» **What you have to do**:
Copy exactly the last part of the listing below, beginning at the line that contains "diversity, race, ethnicity, gesture" and including the final line.

» **Data for the task**:
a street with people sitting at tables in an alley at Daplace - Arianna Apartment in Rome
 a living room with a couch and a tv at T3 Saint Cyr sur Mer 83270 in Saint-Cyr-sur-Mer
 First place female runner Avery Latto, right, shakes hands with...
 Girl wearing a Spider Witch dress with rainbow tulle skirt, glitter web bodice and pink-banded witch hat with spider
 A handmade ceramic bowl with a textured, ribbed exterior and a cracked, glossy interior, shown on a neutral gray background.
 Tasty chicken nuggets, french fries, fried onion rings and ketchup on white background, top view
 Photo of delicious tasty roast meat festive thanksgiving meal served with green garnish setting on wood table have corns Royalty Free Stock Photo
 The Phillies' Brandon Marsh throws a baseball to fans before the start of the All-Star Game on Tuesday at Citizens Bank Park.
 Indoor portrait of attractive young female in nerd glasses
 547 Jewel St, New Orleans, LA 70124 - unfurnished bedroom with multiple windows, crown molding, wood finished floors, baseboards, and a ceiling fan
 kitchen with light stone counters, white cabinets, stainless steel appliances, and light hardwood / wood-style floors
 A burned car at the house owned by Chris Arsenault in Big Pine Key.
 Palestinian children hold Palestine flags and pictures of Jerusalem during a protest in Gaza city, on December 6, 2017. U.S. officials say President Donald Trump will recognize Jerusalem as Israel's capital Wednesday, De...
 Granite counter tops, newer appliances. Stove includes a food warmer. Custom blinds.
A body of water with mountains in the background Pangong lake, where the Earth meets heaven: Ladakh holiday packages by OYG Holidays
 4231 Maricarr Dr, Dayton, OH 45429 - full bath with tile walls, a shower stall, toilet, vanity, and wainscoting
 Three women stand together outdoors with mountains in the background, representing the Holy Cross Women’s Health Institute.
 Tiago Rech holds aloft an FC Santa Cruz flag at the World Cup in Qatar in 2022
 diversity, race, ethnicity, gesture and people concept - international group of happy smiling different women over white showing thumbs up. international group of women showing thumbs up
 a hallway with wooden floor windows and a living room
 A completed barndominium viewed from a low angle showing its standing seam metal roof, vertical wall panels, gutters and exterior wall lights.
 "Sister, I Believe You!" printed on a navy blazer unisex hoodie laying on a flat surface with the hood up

» **Completed exercise**:
 diversity, race, ethnicity, gesture and people concept - international group of happy smiling different women over white showing thumbs up. international group of women showing thumbs up
 a hallway with wooden floor windows and a living room
 A completed barndominium viewed from a low angle showing its standing seam metal roof, vertical wall panels, gutters and exterior wall lights.
 "Sister, I Believe You!" printed on a navy blazer unisex hoodie laying on a flat surface with the hood up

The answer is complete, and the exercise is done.